My favorite comprehensible model is here. The "streams" have not ever been what we think of looking at a river; they come, go, pause, start. But. The "norm"; possibly now gone forever, is that both hemispheres have (had) two jet streams; the polar jet, and the subtropical jet. In both hemispheres, the streams blow from west to east.
That normal pattern is now hard to even see in that model. Two streams? Where? Looks like a mess, right? You did used to be able to see the "2 streams" clearly and consistently, fluctuations notwithstanding.
Up until 5 or 6 years ago, it was almost unheard of for - the polar jet, and the subtropical jet to MEET. They pretty much stayed in their own backyards. But a few years back it started becoming more and more common for the northern hemisphere streams to shift so far they would actually bump into each other. Then - they started not only meeting - but - for long distances and long periods of time; they would MERGE - leaving great chunks of the northern hemisphere with only ONE jet stream.

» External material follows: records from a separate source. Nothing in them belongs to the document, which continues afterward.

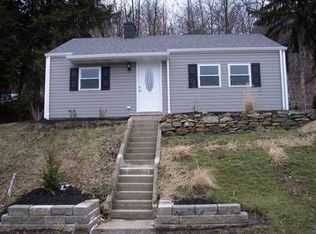 690 7th St, Beaver, PA 15009
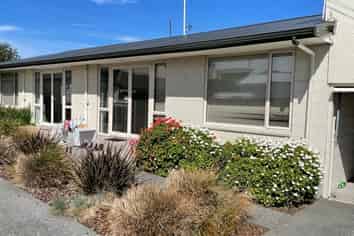 2/46 Abberley Crescent, Saint Albans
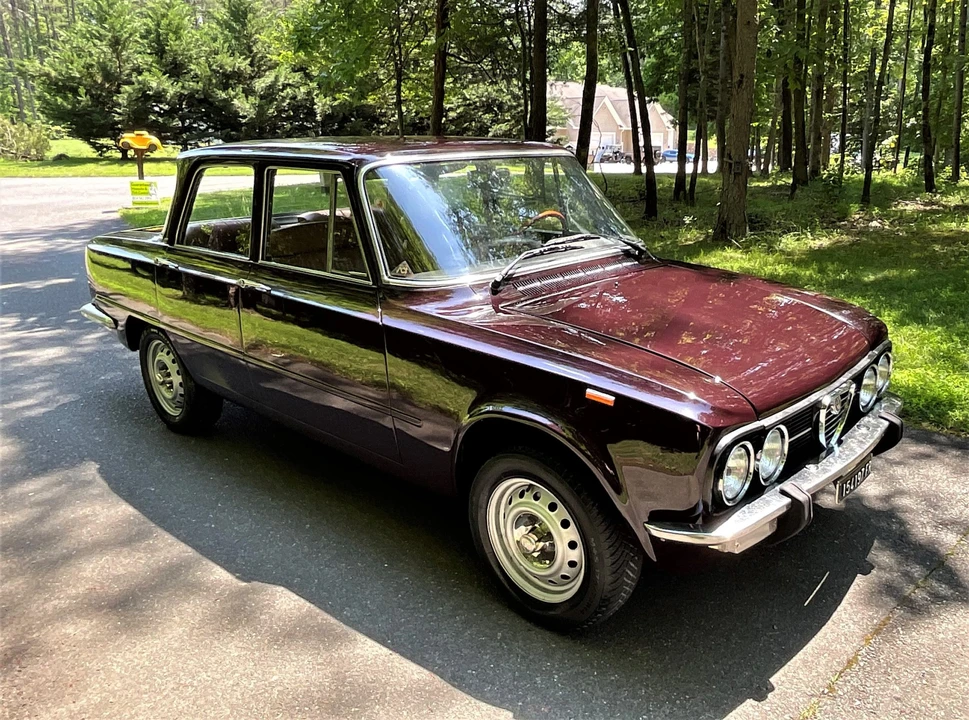 1974 Alfa Romeo 1.3 GT Junior - Image 17 of 31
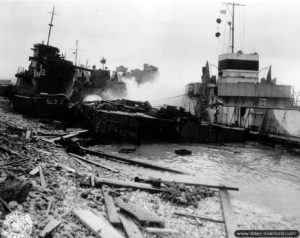 Dégâts de la tempête du 19 au 21 juin 1944. Le LCT(CB)-2337 et le LCT-199 échoués sur la côte. Photo : US National Archives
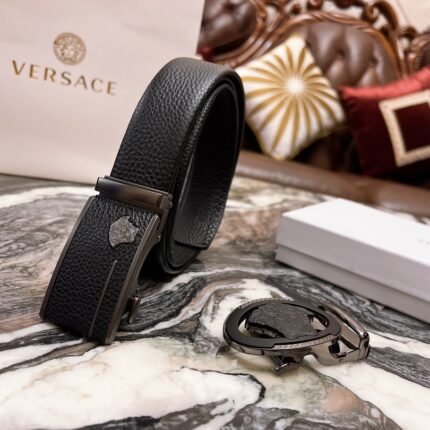 Versace black two buckle belt, simple and elegant, low-key and luxurious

That does crazy things to weather, and was a primary driver in the years long California drought (now over). Meterologists have been privately goggling at each other and muttering "Merge?? They merged?? WTF!!??"
Viv - here's the specific thing- until just the past 6 months or so; the southern hemisphere jet streams were still behaving "normally" - 2 jets, one polar, one subtropical. But. If you look at the model; they are now starting to form huge loops - and meet - and merge. You are not likely to hear that from any official meteorology expert any time soon; the phenomenon is too new (though it's been consistent for 6 months now) - and they have reputations to protect. But. I've been watching; closely. The consistency, and the parallel with the process that has gone on for years now in the northerns hemisphere are significant.
Yes, it's going to mess up the weather, and normal seasonal expectations, all over the planet. And for the most part it is outside all the training and expectations of the best meteorologists- just very hard to guess what comes next. Best bets, based on the past years in the northern hemisphere; droughts, floods, bigger and more frequent storms.
One of the things we do know about jet streams is - we don't know ANYTHING about jet streams. We know this from? Space exploration. Below is the polar jet stream on - Saturn; viewed from directly about Saturn's north pole. As reported by Voyager in 1981-82; and Cassini in 2006-2009. Courtesy of NASA.
It forms a hexagon. ???!!! And - in all the time we've known about it, and watched it - it has been STABLE. It doesn't change. No loops up, or down. When the first images from Cassini came in, the exo-meteorologists were stunned - no one had expected that weird hexagon to persist over 25 years.
What if- Earth's jet streams suddenly hit whatever conditions are required for our jet streams to drop into this kind of stable configuration? Could that happen?
We don't have a clue. The one thing we know for sure- weather and climate would be hugely, drastically, affected. And would stay in whatever pattern showed up.
Seriously. Buckle up. If you haven't already started.